WORK INSTRUCTIONS: In the listing that follows, print every line exactly and leave the images out.

(Beginning of DATASET CONTENT)

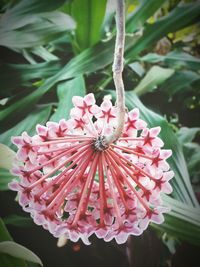 Close-up of pink flowers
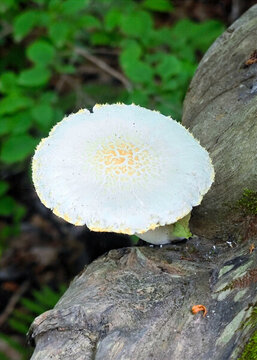 野生菌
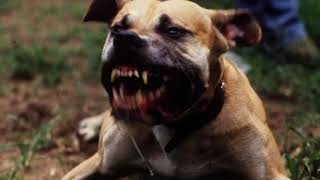 Dog barking Ringtone  Dog barking Sound Kutta Ringtone Dark night ringtone  Angry Dog ringtone [upl. by Naldo761]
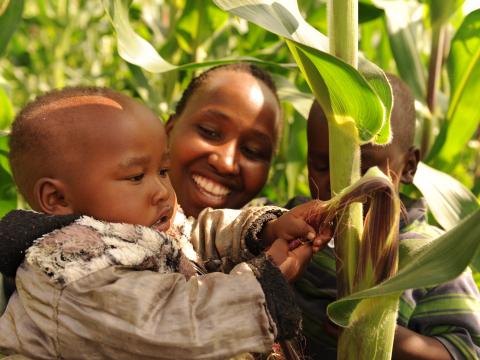 Food Security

(End of DATASET CONTENT)

EXERCISE RESULT:
 Close-up of pink flowers
 野生菌
 Dog barking Ringtone  Dog barking Sound Kutta Ringtone Dark night ringtone  Angry Dog ringtone [upl. by Naldo761]
 Food Security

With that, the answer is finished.